Watchting the xenomai project for several years, I'm now in the situation for 
the need of a stable hard rt solution in combination with gnu/linux for a 
project.
So xenomai is no longer on the list, due to the missing future support for 
ppc64.

Any suggestions which way to go?
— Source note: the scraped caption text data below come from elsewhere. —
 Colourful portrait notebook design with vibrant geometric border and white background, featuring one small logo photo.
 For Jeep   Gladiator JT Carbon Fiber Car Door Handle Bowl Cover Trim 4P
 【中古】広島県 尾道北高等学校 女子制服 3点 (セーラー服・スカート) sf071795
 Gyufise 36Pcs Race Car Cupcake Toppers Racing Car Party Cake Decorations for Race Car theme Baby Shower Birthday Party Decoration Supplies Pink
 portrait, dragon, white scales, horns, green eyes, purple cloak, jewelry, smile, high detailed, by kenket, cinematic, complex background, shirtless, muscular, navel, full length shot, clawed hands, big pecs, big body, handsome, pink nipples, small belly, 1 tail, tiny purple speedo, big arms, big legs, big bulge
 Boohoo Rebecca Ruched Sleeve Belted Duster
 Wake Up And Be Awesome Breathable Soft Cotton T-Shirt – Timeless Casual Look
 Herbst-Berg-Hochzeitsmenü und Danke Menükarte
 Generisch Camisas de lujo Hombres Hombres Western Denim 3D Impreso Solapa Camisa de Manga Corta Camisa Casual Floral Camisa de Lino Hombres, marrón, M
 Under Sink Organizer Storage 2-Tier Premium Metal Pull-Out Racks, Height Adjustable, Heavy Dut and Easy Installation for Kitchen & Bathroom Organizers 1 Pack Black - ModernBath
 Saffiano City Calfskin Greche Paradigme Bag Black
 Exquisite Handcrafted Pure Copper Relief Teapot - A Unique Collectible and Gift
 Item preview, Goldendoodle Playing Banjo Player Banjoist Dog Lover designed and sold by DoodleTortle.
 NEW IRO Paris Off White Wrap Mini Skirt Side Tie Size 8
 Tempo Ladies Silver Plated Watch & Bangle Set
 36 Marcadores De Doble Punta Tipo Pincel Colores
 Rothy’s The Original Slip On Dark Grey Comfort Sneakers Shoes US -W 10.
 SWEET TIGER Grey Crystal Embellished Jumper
The PREMEPT_RT  is definitly no way to go.
My last idea is to go for Jailhouse with GNU/Linux and RTEMS.


-- 
Wolfram Wadepohl
Projektmanager Automatisierung & Robotik

Phone +49 (0)7123 164-2062
Mobile +49 (0)160 9531 5679


> -Original Message-
> From: Xenomai [mailto:xenomai-boun...@xenomai.org] On Behalf Of Philippe
> Gerum
> Sent: Thursday, January 25, 2018 6:41 PM
> To: Henning Schild; Jan Kiszka; Sebastian Smolorz; Jan Leupold; Jorge Ramirez
> Cc: Steven Seeger; Xenomai@xenomai.org
> Subject: [Xenomai] [RFC] FOSDEM meeting agenda
> 
>   * formalizing the decision about dropping the blackfin and powerpc64
> port, since we had zero feedback from users so far, so everyone must be fine
> with this.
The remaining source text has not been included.